Two days later, however, strikers from Chicago’s McCormick Harvester Works factory collided with the police. Police attacked picketing workers. This provoked a rally on the next day May 4. Again, as the meeting was coming to an end, the police tried to disperse the group. A person, still unknown today, threw a bomb. It was the first dynamite bomb to be used in the United States during a non-war era. The police responded with shots fired. Seven policemen died and one of them died due to the impact of the bomb itself. Four strikers were also killed during this violent outbreak. Outrage and shock shook the city of Chicago to its core during this tragedy. Over the next few days the police arrested anarchists and labor activists, with thirty-one individuals indicted by the grand jury and charged for being accessories to the murder of the policeman names Mathias J. Degan .3
Later on, eight “radicals” or “anarchists” as they called the protesters, were tried.

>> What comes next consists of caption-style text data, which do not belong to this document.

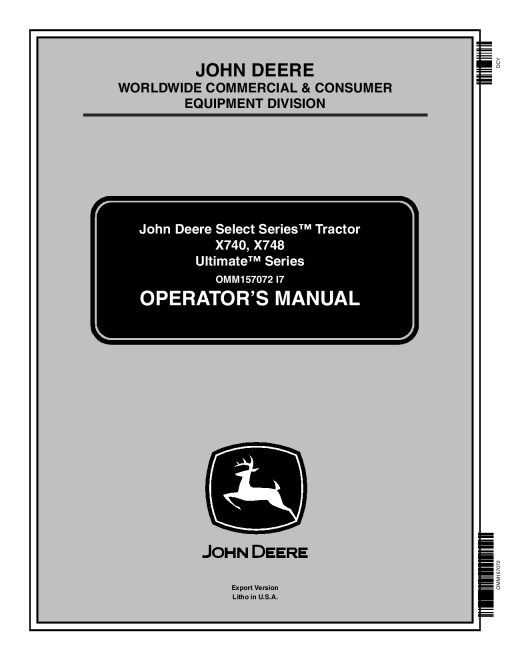 John Deere X740 X748 Select Series Tractors OMM157072 Operation and Maintenance manual PDF Download
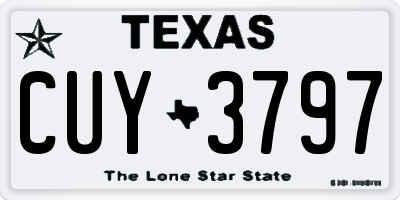 TX license plate CUY3797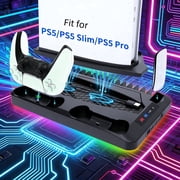 Compatible for PS5 Stand Cooling Fan, PS5 Accessories with Dual PS5 Controller Charger Dock,Cooling Station for PS5 Slim/Pro/Digital/Ultra,PS5 Cooling Stand For PlayStation 5,3 Level Fan, RGB Light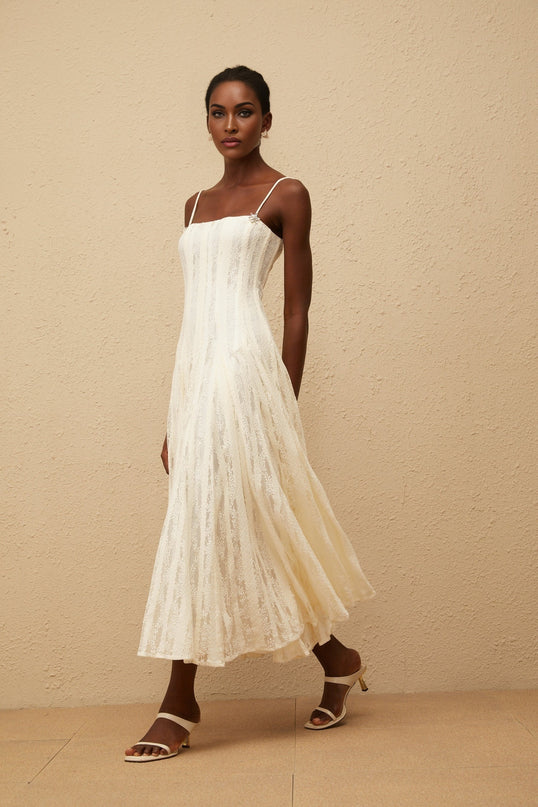 Coralie White Pleated Lace Midi Dress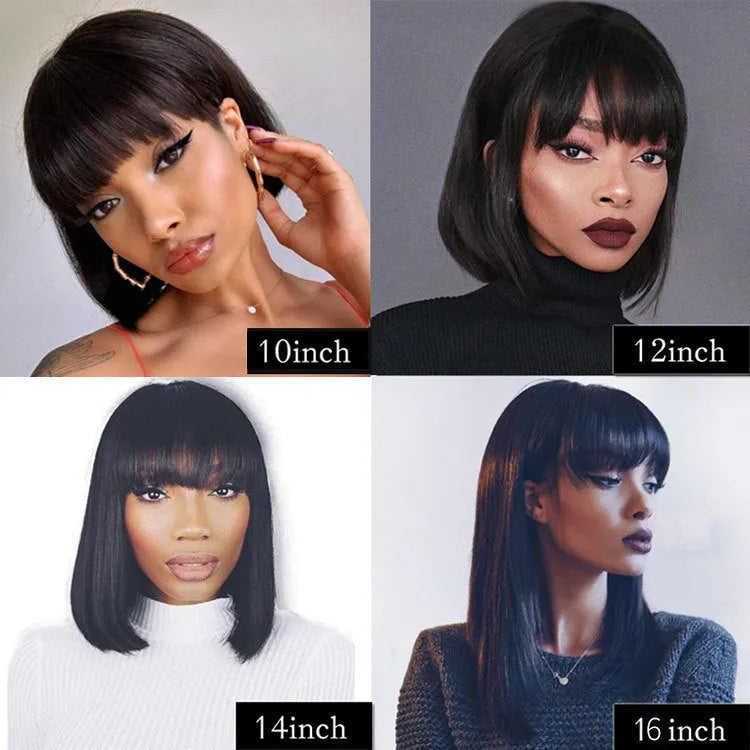 Unice Hair Black human hair wig with 10-inch length on a mannequin head.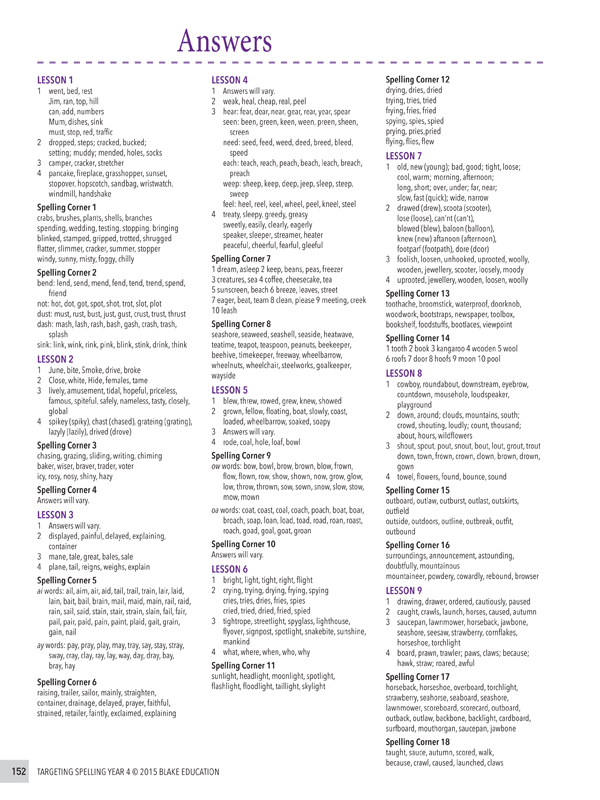 Interior sample page 152 from Targeting Spelling Teachers Guide Book 4 showing Year 4 spelling lesson material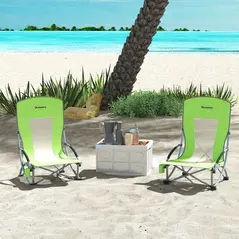 Outsunny Set of 2 Folding Beach Chair, Low Camping Chair with Mesh Back, Carry Bag and Cup Holder for Garden Outdoor Picnic Festival Travel, Green - 2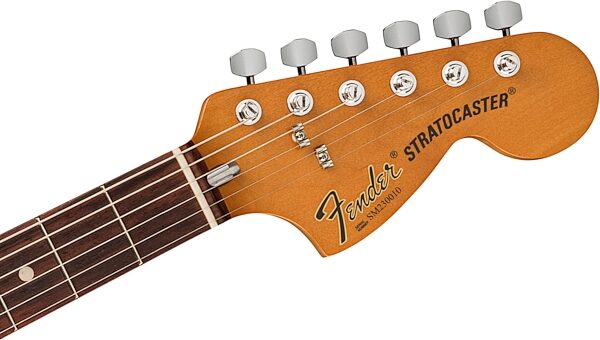 Fender 70th Anniversary Vintera II Stratocaster Electric Guitar (with Case), Antigua, Action Position Back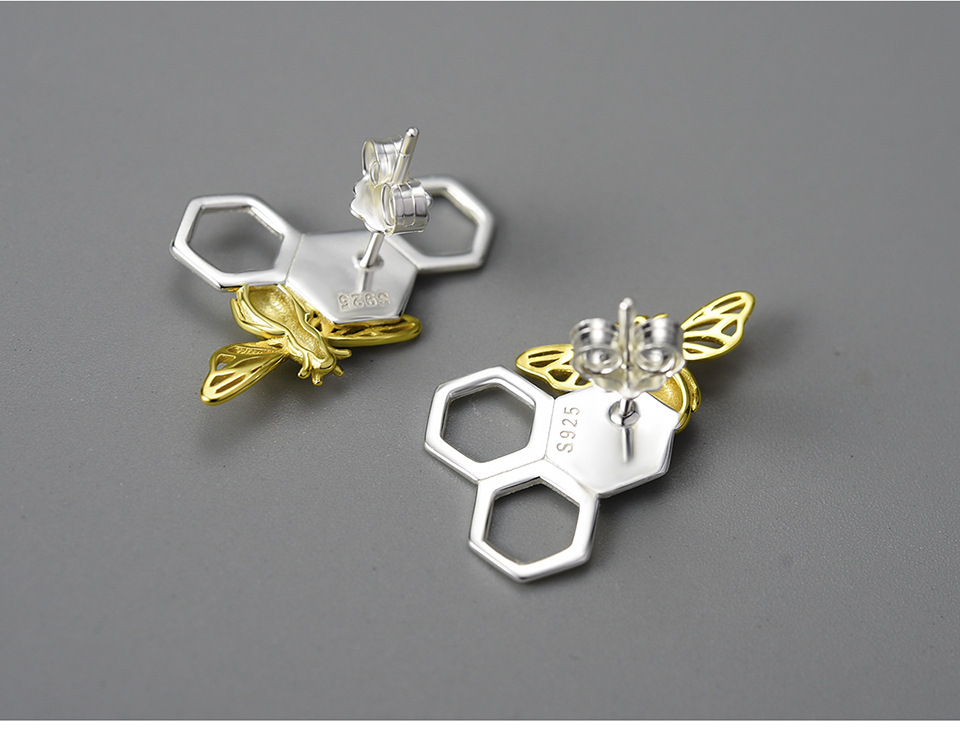 1 Par Diseño Original Panal Abeja Enchapado Plata Esterlina Pendientes display picture 3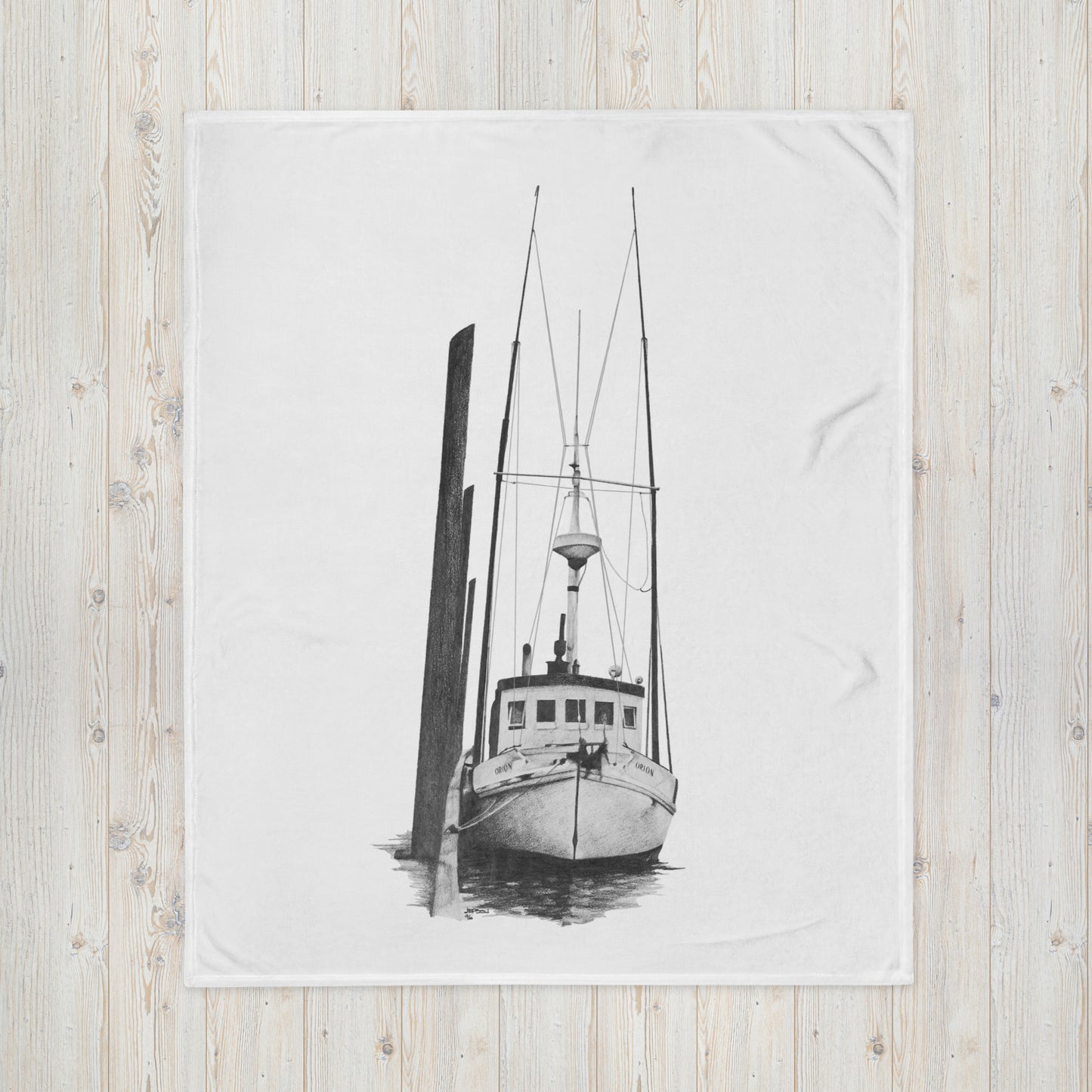 These "Fishing Boat Throw Blanket " are from a drawing of mine created with a graphite pencil. It has been digitally optimized and transferred to 100% Polyester throw blanket.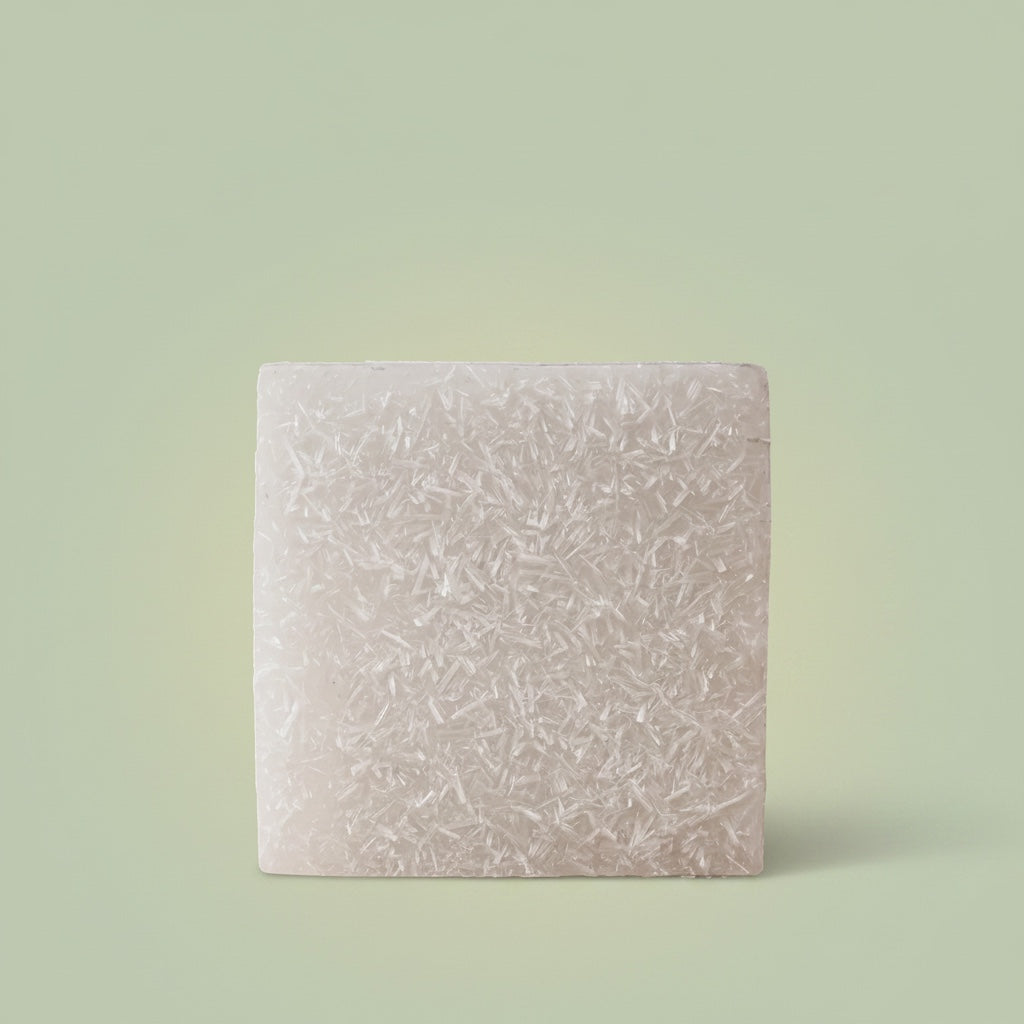 VASTUKOSHA square raw selenite plate with a textured, translucent white surface for crystal cleansing and display.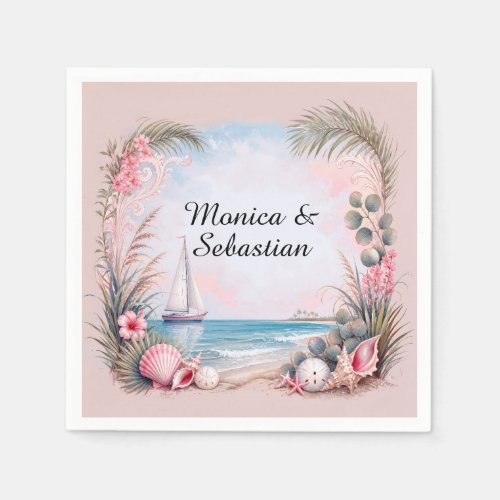 Seaside Getaway Coastal Sailing Scene Napkins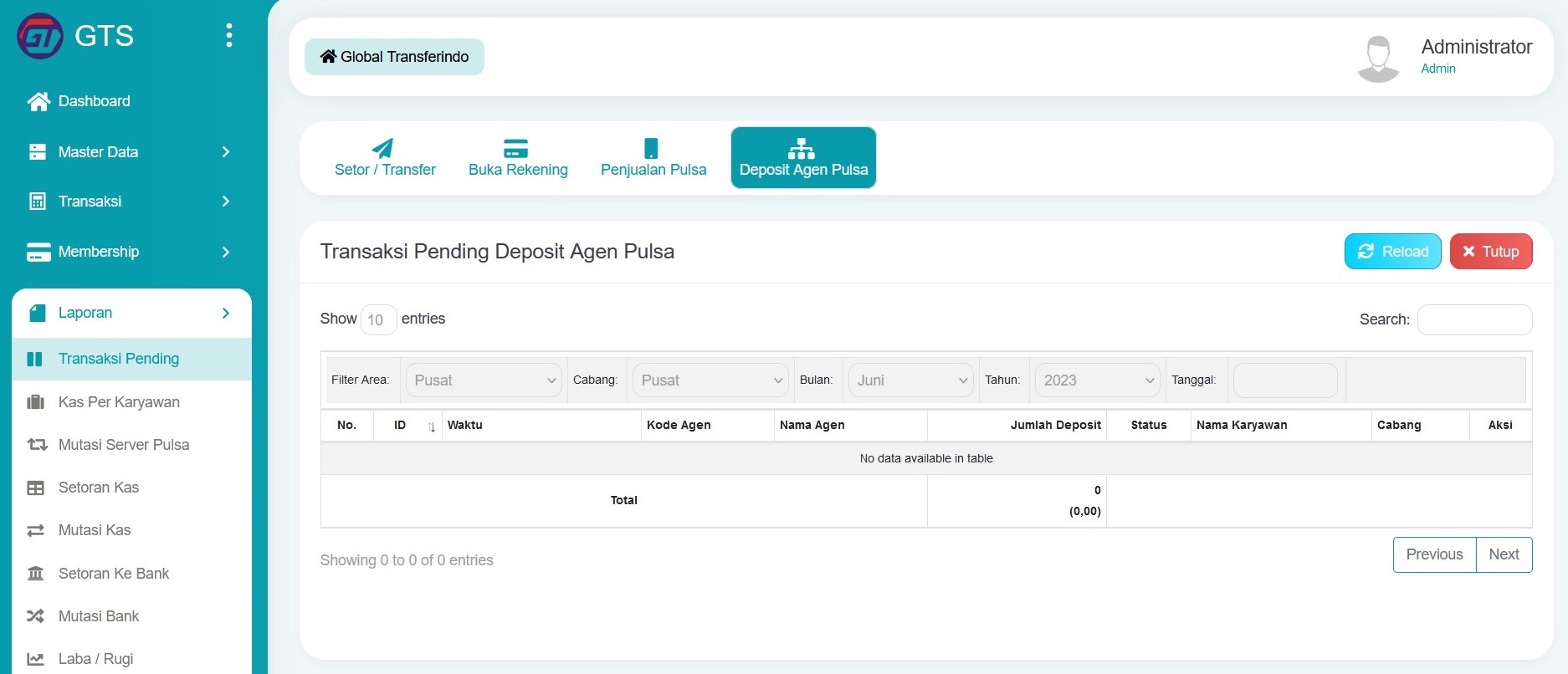 Transaksi Pending Deposit Agen Pulsa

They were August Spies, Adolph Fisher, Louis Lingg, Michael Schwab, Albert Parsons, Oscar Neebe, George Engel, and Samuel Fielden. Four of them were sentenced to death by hanging for their actions and one of them, Lingg, committed suicide in prison. Neebe was sentenced to fifteen years in prison. However their trial has been criticized by many. Some, especially labor organizers, viewed the dead protesters as victims. Adolph Fischer said to the judge: “Your Honor, you ask me why sentence of death should not be passed upon me. I will not talk much. I will only say that I protest against my being sentenced to death, because I have committed no crime. I was tried here in this room for murder, and I was convicted of Anarchy. I protest against being sentenced to death, because I have not been found guilty of murder. But, however, if I am to die on account of being an Anarchist, on account of my love for liberty, fraternity and equality, then I will not remonstrate. If death is the penalty for our love of the freedom of the human race, then I say openly I have forfeited my life; but a murderer I am not”.4 (4). However, a part of the public became even more anti-labor. This quote is because it shows how much the workers believed in what they were fighting for. They believed they had a right to better working conditions and equality.
The event at the Haymarket Square was unfortunate and many demanded punishment. Many started to view labor unions or labor movements in a bad vile way. However, the public’s opinion was divided nationwide and many were questioning the whole trial . Some people agreed that workers needed to unionize but others saw it as a bother. In June 26, 1893 the governor of Illinois, John Peter Altgeld, pardoned Schwab, Neebe, and Fielden due to the pressure of the public and their many questions about who was really responsible and if the trial had been fair. According to William J. Adelman no single event has influence the history of labor in Illinois more than the Haymarket affair.
The Haymarket Affair also had an impact on the American labor.American working class. The union called Knights of Labor no longer existed due to the chaos brought by the Haymarket riot. This opened the door for something new. The American Federation of Labor is a union that soon became really popular after the end of the Knights of Labor. The AFL, unlike the Knights of Labor was not open to all workers. It was racially restrictive. For example African Americans were not welcomed. . It was however powerful and strived to secure better working conditions for all members. America was becoming even more industrialized and. And in a time where workers needed unions more than ever the AFL was successful in improving the public’s view on unions.
The Haymarket Affair also influenced the United States. It is at the origin of what we call today May Day. In a lot of countries in different parts of the world, May Day is the principal workers' holiday. It commemorates the tragedy of May 4, 1886. Nowadays May Day is important to many individuals in the United States. Many events are celebrated around this day. For example, at Stony Brook University, The Graduate Student Employees Union (GSEU) organized a Free University on May Day. There was a rally to celebrate campus labor unions. May Day was institutionalized as an international holiday in 1891 in Paris. Today, May Day is a day for people to rally, march and hold demonstrations in the streets. This day is a reminder that America has changed and has come a long way again. Today, for example unions are common practice and no one judges you for being in a union. since the nineteenth century.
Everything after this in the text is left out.